At this point I'm not sure who's more scared, me or Bella. We literally sat there both shaking while I tried to figure out if she still had four legs in tact. I took her in the house where she ran around trying to get back outside. (Seriously. I just risked my hands so you could keep your hind legs, the fight is over.) I went back out and told crazy neighbor lady she's fine and her response was, "Well yeah, because he bit my finger instead." You can imagine the sympathy I had for her. She did profusely apologize (which meant nothing to me) and scolded her dog in a kind of, somewhat, sort of mean voice (which meant nothing to him.)
I later discovered (thanks to stains on the bedspread) she did get nicked a little by his teeth right in her ass. So she was bleeding a little but she seemed totally un-phased by it. (I on the other hand, want to vom when I see blood. So it took me a bit to get over the fact that there was blood anywhere.) So around 11:00 the ordeal ended with the bedspread in the washer, Bella calmed down and my head hitting the pillow.
Here's where I step up to my soapbox...
I love dogs. And it breaks my damn heart when people classify dogs as "mean dogs." I don't believe any particular breed is mean, people abuse the attributes of certain breeds and MAKE the dogs mean. They TRAIN them to be mean dogs based on the fact that they've got big teeth and their bodies are the size of mine. (i.e. pit bulls and rottweilers). This woman has NO BUSINESS with a dog that big who she can't control. Dogs that size need substantial training because they are that strong and do have that kind of capability.

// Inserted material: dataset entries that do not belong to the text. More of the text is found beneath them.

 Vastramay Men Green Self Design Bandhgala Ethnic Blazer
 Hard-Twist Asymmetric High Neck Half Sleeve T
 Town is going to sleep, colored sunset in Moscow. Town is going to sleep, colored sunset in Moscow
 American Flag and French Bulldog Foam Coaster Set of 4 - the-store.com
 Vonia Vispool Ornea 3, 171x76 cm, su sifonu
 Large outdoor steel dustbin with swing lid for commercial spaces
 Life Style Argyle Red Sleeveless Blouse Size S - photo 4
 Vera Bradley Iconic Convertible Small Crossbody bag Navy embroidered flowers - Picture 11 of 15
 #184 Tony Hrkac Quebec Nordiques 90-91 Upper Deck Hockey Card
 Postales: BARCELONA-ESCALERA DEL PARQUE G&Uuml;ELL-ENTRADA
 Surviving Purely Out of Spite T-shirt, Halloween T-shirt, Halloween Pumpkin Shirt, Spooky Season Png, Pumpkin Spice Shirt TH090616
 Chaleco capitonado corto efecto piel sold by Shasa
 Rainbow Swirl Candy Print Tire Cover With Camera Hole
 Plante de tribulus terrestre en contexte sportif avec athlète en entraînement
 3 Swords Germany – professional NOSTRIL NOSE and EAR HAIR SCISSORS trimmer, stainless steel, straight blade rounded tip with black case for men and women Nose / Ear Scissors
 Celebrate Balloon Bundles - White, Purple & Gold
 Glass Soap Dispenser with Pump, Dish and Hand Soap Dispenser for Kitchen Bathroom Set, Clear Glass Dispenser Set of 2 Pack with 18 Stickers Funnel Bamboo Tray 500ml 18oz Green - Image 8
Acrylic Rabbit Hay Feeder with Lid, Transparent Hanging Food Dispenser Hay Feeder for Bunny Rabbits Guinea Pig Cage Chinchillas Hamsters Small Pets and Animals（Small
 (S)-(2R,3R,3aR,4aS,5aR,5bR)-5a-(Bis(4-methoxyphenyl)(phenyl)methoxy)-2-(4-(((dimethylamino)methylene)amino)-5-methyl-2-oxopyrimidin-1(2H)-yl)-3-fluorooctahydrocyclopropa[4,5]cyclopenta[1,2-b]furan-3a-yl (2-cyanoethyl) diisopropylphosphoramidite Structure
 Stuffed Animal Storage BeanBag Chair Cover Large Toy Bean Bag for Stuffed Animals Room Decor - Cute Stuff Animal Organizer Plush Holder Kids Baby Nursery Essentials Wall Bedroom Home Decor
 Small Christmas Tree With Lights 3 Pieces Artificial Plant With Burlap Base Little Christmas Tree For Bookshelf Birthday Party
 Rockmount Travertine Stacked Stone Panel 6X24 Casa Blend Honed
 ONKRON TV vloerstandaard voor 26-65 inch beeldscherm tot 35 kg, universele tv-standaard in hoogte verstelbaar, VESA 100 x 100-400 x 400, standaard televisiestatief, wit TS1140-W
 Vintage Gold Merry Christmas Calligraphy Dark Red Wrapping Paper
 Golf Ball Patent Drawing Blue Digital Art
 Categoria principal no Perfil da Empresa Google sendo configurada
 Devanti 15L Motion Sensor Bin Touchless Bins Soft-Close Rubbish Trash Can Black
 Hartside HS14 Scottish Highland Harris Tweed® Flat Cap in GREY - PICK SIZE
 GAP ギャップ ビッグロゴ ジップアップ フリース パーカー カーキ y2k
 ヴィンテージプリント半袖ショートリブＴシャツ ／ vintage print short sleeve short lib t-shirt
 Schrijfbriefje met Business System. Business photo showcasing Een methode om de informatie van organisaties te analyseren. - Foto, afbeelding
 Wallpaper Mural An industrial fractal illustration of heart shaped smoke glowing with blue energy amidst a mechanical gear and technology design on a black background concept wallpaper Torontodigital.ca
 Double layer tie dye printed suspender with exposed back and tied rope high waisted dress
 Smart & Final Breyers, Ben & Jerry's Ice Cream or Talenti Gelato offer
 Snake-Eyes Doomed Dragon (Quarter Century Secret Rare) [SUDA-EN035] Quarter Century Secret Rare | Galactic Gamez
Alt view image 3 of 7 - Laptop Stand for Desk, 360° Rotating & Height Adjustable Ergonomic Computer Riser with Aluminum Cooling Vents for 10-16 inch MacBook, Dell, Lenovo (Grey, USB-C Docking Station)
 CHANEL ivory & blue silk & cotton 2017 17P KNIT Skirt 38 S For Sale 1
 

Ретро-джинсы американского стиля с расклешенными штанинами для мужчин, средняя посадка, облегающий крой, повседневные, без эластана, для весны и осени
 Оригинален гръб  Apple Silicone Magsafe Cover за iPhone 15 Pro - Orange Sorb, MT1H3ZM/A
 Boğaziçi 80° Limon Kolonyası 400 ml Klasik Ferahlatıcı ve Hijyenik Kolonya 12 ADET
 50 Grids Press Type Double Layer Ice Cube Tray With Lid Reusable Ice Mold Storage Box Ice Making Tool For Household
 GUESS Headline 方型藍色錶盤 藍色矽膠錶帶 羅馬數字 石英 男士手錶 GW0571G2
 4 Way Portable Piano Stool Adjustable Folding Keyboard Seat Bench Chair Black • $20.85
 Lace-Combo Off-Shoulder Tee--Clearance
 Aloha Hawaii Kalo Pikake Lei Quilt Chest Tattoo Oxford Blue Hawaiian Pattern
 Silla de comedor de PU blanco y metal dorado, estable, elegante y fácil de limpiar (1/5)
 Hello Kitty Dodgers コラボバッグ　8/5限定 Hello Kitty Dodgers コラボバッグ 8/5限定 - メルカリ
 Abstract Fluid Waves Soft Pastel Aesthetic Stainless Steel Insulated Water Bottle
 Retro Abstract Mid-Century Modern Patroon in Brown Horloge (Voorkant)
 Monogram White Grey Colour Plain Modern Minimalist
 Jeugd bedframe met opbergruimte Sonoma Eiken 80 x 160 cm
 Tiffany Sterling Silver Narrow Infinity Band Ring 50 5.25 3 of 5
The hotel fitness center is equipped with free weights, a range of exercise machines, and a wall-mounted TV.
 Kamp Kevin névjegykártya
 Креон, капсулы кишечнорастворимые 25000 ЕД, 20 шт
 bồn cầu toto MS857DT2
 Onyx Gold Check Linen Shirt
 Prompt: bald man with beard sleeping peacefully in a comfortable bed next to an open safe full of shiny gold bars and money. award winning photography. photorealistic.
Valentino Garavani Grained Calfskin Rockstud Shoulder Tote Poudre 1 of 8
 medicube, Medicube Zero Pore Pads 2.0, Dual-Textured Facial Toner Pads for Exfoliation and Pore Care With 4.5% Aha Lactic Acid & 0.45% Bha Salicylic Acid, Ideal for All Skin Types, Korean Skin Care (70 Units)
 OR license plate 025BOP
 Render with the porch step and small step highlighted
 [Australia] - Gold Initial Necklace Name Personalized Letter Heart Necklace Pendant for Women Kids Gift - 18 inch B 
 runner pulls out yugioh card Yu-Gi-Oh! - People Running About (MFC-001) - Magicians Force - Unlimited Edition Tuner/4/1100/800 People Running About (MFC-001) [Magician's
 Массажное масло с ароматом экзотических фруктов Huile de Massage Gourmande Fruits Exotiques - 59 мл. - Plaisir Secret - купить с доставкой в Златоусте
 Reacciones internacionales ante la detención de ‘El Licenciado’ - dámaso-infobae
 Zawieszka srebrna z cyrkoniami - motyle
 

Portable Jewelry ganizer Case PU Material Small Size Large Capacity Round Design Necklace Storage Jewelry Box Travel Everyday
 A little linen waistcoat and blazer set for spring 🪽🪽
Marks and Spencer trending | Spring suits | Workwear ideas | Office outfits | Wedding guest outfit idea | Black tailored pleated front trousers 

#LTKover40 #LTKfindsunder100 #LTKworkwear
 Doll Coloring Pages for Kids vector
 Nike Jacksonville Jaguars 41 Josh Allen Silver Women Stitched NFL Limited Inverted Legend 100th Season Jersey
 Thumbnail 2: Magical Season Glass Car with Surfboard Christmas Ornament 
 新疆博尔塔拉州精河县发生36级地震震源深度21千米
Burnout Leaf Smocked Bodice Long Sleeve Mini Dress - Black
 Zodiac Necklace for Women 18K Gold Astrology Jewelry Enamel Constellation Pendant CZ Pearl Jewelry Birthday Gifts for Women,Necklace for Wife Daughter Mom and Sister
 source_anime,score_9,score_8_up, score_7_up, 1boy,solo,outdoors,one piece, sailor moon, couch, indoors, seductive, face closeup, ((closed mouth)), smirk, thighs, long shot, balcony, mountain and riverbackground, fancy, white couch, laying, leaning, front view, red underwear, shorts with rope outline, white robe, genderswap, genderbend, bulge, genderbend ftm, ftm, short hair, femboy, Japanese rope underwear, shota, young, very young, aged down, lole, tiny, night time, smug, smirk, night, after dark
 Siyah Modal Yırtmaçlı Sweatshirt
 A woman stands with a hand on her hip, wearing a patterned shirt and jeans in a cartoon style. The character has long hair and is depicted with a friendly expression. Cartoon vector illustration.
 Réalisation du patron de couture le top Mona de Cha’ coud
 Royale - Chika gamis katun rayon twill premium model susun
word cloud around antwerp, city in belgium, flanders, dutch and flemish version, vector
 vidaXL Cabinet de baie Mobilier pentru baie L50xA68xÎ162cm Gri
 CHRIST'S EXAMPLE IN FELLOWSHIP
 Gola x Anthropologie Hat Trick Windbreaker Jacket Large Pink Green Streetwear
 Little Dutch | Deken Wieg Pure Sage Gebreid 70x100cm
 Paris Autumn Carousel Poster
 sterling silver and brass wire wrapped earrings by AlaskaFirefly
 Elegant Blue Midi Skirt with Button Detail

This is also where I point out that I am ridiculously aware of how NOT TRAINED my dog is (though she can give knucks and sit when she wants to). However, my dog is also only 19 pounds and has the aforementioned 5 rounded teeth. Fortunately even though she isn't trained, there's very little damage she is capable of (again, ask the kitty when we brought her home at less than 2 pounds and she kicked Bella's ass...repeatedly). If you can't control your dog on a walk and he is literally dragging you around, you shouldn't have him. And the solution of just screaming, "HE'S FRIENDLY!" clearly isn't working.
Secondly, if you are going to get a dog, please read a book, maybe even two, about dogs instead of thinking you're smart enough to just instinctively know about them. Even the friendliest of dogs can get aggressive when they feel threatened and are on a leash. This is why they STRONGLY suggest not leaving your dog on a leash at a dog park. It makes them feel restricted and if another dog comes and makes them feel threatened, they may get aggressive. So if you're dog weighs more than you, is stronger than you, and is on a leash...maybe, JUST MAYBE, you don't let him charge towards a pug the size of his head. Because if you can't control him as he walks, you SURE AS HELL aren't going to be able to control him as he's trying to eat her. FYI.
Also, I think the cat enjoyed this all. My entire petting zoo is made of assholes. The cutest assholes ever.
*For those keeping track at home, this is the THIRD time Bella has thought she could defend herself against a dog weighing over 100 pounds and the first time it didn't require staples.